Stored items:
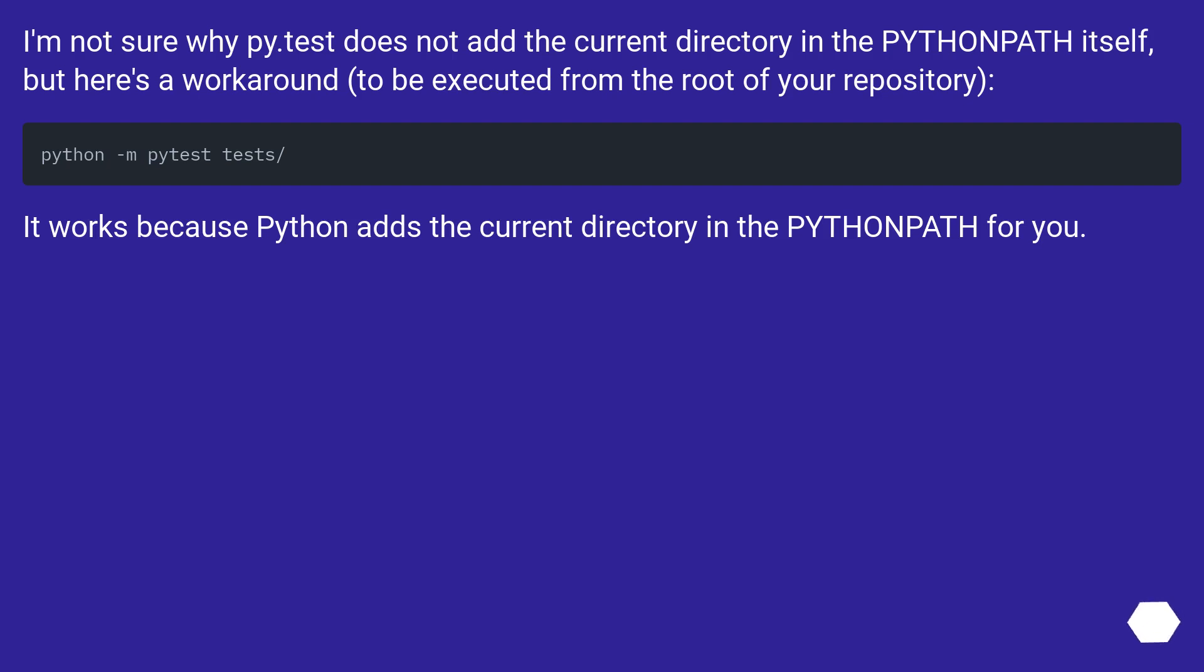I'm not sure why py.test does not add the current directory in the Python path itself, but here's a workaround to be executed from the root of your repository. It works because Python adds the current directory in the Python path for you.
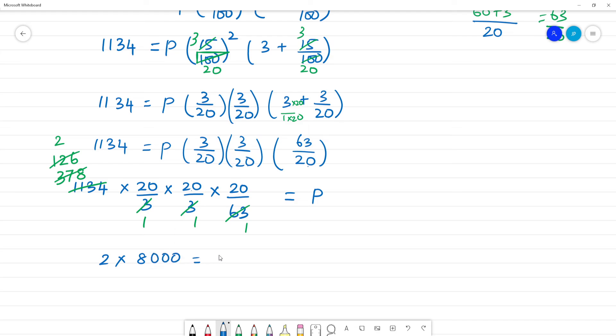It is equal to P. Now what is P? P is equal to rupees. 18 into 2 is 16, 16,000 rupees.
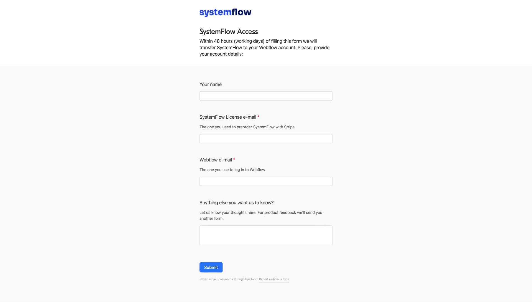Hey everyone, in this lesson I'd like to explain how to get access to SystemFlow after purchase and also how to get the updates if you have purchased the version with the updates.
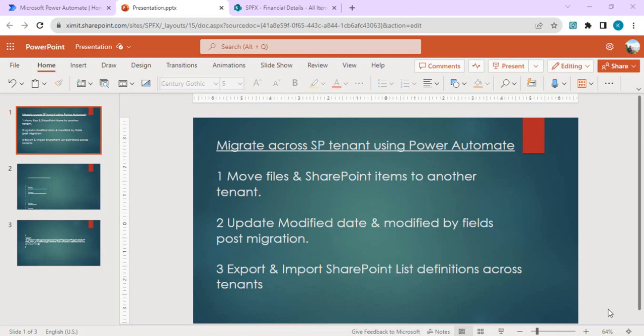Hello everyone, welcome back to the channel. In today's video we are going to talk about how we can migrate SharePoint list or files from one SharePoint tenant to another SharePoint tenant. I'll be creating three different videos to explain the entire concept. The first topic I'll be covering is moving SharePoint files or items from one SharePoint site in one tenant to a destination tenant.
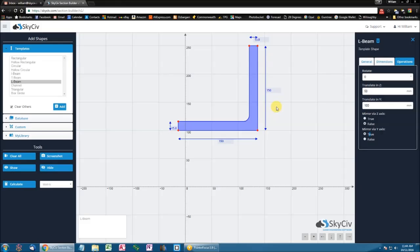So with all these operations, you can perform relative positioning of one section to another. However, we'll be going into detail as to how to add multiple shapes to create your section in another video.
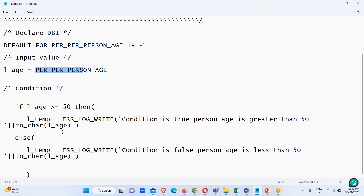The value for this particular database item — per-person age — is going to be assigned to the 'age' variable. The condition given is: if age is greater than 50, it returns a log that the condition is true and the person's age is greater than 50, returning the age for that person. If the condition is false, the log returns that the condition is false and the person's age is less than 50.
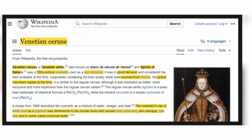Queen Elizabeth the First used Venetian ceruse — also known as blanc de ceruse de Venice or spirits of Saturn — a 16th-century cosmetic used as a skin whitener. It was in great demand and considered the best available at the time, supposedly containing the best quality white lead sourced from Venice, the global merchant capital at the time. The cosmetic use of white lead as a pigment was detrimental to the human body and caused lead poisoning, skin damage, hair loss, and in some cases eventually death.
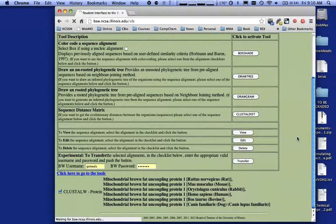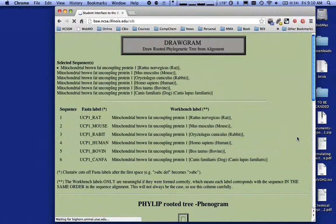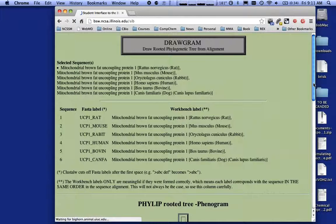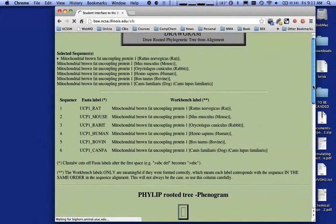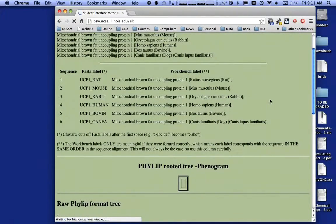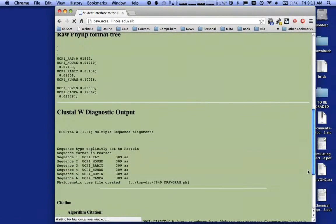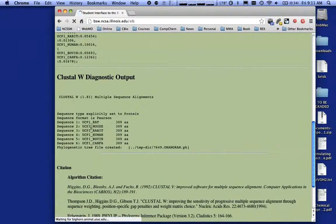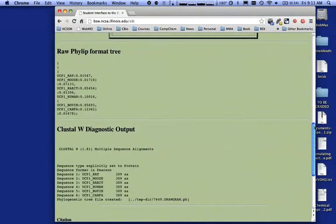This is the student version of the Biology Workbench. There's also a professional level at the San Diego Supercomputing Center. If you have an account on the student version in Illinois, you automatically have an account on the professional version in San Diego, and any studies you do will automatically be transferred. So all your research work is on San Diego as well. Our tree is going to appear in the phenogram box at the bottom. Notice that all six of my sequences for UCP1 all have the same number of amino acids — that gives me confidence I'm comparing apples to apples.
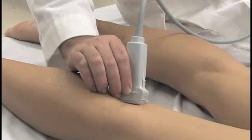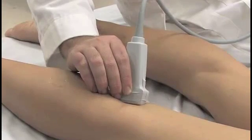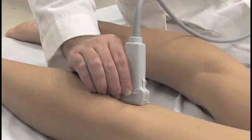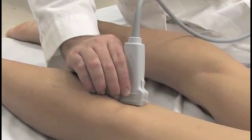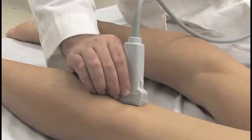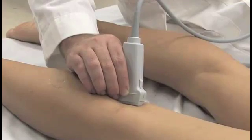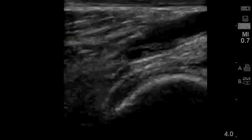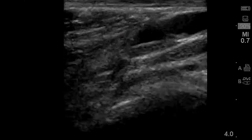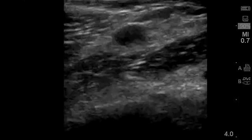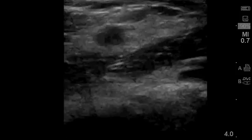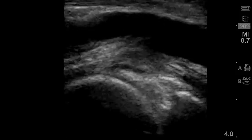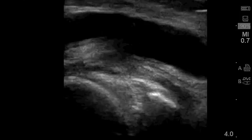If a Baker's cyst is identified, the probe should be turned 90 degrees to obtain a sagittal image and assess its longitudinal extent and look for evidence of rupture. In this view, the cyst typically appears as a larger, more superficial fluid collection, with a smaller, deeper fluid collection separated by the tendon of the medial head of the gastrocnemius.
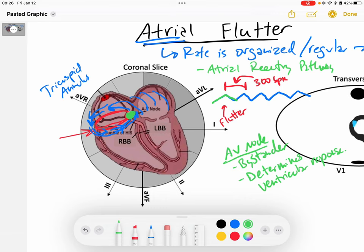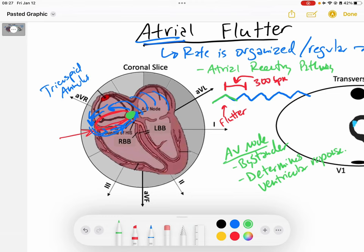The AV node determines whether it's conducting every two, three, or four flutter waves. The health of the AV node can be influenced by ischemic heart disease, sympathetic tone if you're in a fight-or-flight state, or medications that slow the AV node down, like diltiazem or metoprolol. So the AV node is going to conduct at a certain rate.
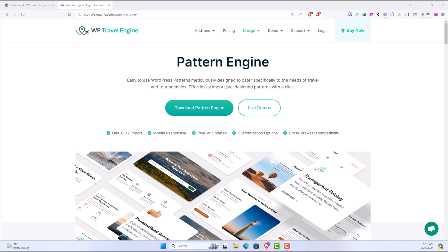Hello and welcome to the new tutorial of WP Travel Engine. In the latest version of WP Travel Engine which is 5.9.0, we have included the Pattern Engine feature.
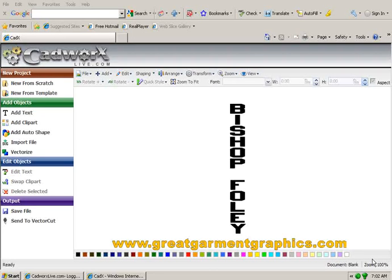This is Mel Mibris with Great Garment Graphics. In this video we're going to create vertical lettering using cadworkslive.com.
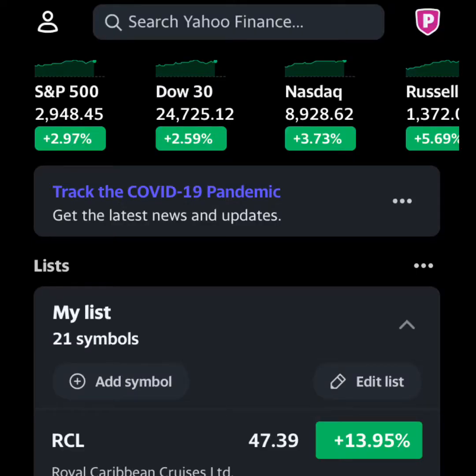In that top search bar you can search for different companies. There are private and public companies, so not every company you can think of would be in Yahoo Finance because you can't invest in just any company. Below that we see the different indexes. The S&P 500 tracks mid to large range companies, the Dow 30 is 30 of the largest companies, and in the top right is the Russell 2000 which tracks 2,000 smaller companies — and as you can see everything is pretty much up in the green today.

Instructions to follow » Output each record above exactly as it stands, excluding all pictures.

Answer section »
I'm not sure why py.test does not add the current directory in the Python path itself, but here's a workaround to be executed from the root of your repository. It works because Python adds the current directory in the Python path for you.
It is equal to P. Now what is P? P is equal to rupees. 18 into 2 is 16, 16,000 rupees.
Hey everyone, in this lesson I'd like to explain how to get access to SystemFlow after purchase and also how to get the updates if you have purchased the version with the updates.
Hello everyone, welcome back to the channel. In today's video we are going to talk about how we can migrate SharePoint list or files from one SharePoint tenant to another SharePoint tenant. I'll be creating three different videos to explain the entire concept. The first topic I'll be covering is moving SharePoint files or items from one SharePoint site in one tenant to a destination tenant.
So with all these operations, you can perform relative positioning of one section to another. However, we'll be going into detail as to how to add multiple shapes to create your section in another video.
The value for this particular database item — per-person age — is going to be assigned to the 'age' variable. The condition given is: if age is greater than 50, it returns a log that the condition is true and the person's age is greater than 50, returning the age for that person. If the condition is false, the log returns that the condition is false and the person's age is less than 50.
Queen Elizabeth the First used Venetian ceruse — also known as blanc de ceruse de Venice or spirits of Saturn — a 16th-century cosmetic used as a skin whitener. It was in great demand and considered the best available at the time, supposedly containing the best quality white lead sourced from Venice, the global merchant capital at the time. The cosmetic use of white lead as a pigment was detrimental to the human body and caused lead poisoning, skin damage, hair loss, and in some cases eventually death.
This is the student version of the Biology Workbench. There's also a professional level at the San Diego Supercomputing Center. If you have an account on the student version in Illinois, you automatically have an account on the professional version in San Diego, and any studies you do will automatically be transferred. So all your research work is on San Diego as well. Our tree is going to appear in the phenogram box at the bottom. Notice that all six of my sequences for UCP1 all have the same number of amino acids — that gives me confidence I'm comparing apples to apples.
If a Baker's cyst is identified, the probe should be turned 90 degrees to obtain a sagittal image and assess its longitudinal extent and look for evidence of rupture. In this view, the cyst typically appears as a larger, more superficial fluid collection, with a smaller, deeper fluid collection separated by the tendon of the medial head of the gastrocnemius.
The AV node determines whether it's conducting every two, three, or four flutter waves. The health of the AV node can be influenced by ischemic heart disease, sympathetic tone if you're in a fight-or-flight state, or medications that slow the AV node down, like diltiazem or metoprolol. So the AV node is going to conduct at a certain rate.
Hello and welcome to the new tutorial of WP Travel Engine. In the latest version of WP Travel Engine which is 5.9.0, we have included the Pattern Engine feature.
This is Mel Mibris with Great Garment Graphics. In this video we're going to create vertical lettering using cadworkslive.com.
In that top search bar you can search for different companies. There are private and public companies, so not every company you can think of would be in Yahoo Finance because you can't invest in just any company. Below that we see the different indexes. The S&P 500 tracks mid to large range companies, the Dow 30 is 30 of the largest companies, and in the top right is the Russell 2000 which tracks 2,000 smaller companies — and as you can see everything is pretty much up in the green today.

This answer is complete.